La política es un deporte de contacto. A diferencia de otras actividades, en ella la competencia es de suma cero. El respaldo que reciba fulanito dependerá del no respaldo a zutanito. Y, como antes que por planteamientos los electores votan por personas, para que voten por mí no basta con que me valoren positivamente. No alcanza con hablar bien de mí. Necesito, además, que me valoren mejor que a mi contrincante o, lo que es menos difícil, que lo perciban como alguien peor que yo. Eso incentiva los ataques al oponente político en las democracias. Los ataques no son una falla del sistema, sino una consecuencia estructural de su diseño.
Lo anterior, sin embargo, es solo una parte de la historia. Cierto, “la política es la continuación de la guerra por otros medios” (Foucault), pero que sea por “otros medios” no es un dato menor. No todos se valen.
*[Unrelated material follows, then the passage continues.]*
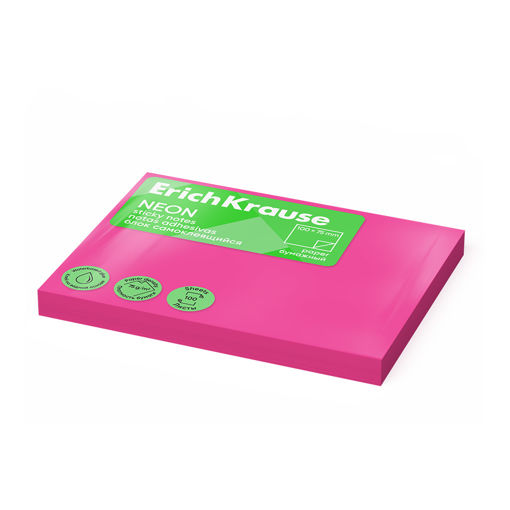 Picture of EK STICKY NOTES 100X75MM NEON PINK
A efecto de que la dinámica política pueda extenderse en el tiempo —que es tanto como decir que se pueda seguir conviviendo civilizadamente—, es menester no dinamitar sus condiciones de posibilidad. Las democracias que mejor funcionan son aquellas en las cuales sus líderes políticos entienden eso, y comprenderlo los inhibe de perseguir objetivos “a cualquier costo” o desencadenar procesos desentendiéndose de sus consecuencias.
Pensar que más importante que ganar o perder es seguir compitiendo, los lleva, no solo a respetar las reglas escritas del juego, sino, además, a seguir una serie de normas no escritas de moderación, tolerancia, autocontención, lealtad institucional y respeto de las formas.
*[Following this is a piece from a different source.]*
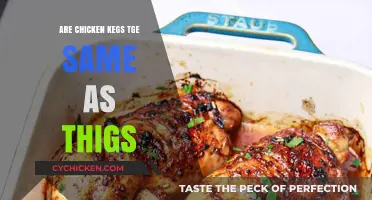 Are Chicken Kegs the Same as Thighs? A Culinary Comparison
No es el caso de España. No en la última campaña electoral. No en los últimos años. Y, por eso, sus elecciones del 28 de abril merecen comentarse. Los resultados de los tres principales perdedores de la jornada, Partido Popular (PP), Junts Per Catalunya (JxCAT) y Unidas Podemos (UP), leídos en clave de largo alcance, son una aleccionadora advertencia para aquellos políticos —cada vez más numerosos en distintos países— que, con tal de derribar a un adversario, están dispuestos a serruchar la rama sobre la que están sentados. Mi hipótesis es que las tres agrupaciones siguieron estrategias de crispación, que estas les depararon estupendos resultados a corto plazo, pero que, a la postre, al írseles de las manos, acabaron por estallarles en la cara.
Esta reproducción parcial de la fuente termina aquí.